### Activity
Please set down only the lines between the line containing "Disputationum anatomicarum selectarum" and the end of the records, inclusive, exactly as they stand.

### Records provided
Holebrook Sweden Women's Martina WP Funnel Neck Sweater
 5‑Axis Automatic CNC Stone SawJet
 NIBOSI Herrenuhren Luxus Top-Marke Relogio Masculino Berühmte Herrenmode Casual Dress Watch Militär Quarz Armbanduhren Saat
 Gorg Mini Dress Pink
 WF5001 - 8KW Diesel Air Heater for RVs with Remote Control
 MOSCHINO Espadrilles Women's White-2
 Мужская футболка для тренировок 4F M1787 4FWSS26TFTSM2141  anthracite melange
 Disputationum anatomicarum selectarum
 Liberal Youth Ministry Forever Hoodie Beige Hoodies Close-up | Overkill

### Exercise solution
 Disputationum anatomicarum selectarum
 Liberal Youth Ministry Forever Hoodie Beige Hoodies Close-up | Overkill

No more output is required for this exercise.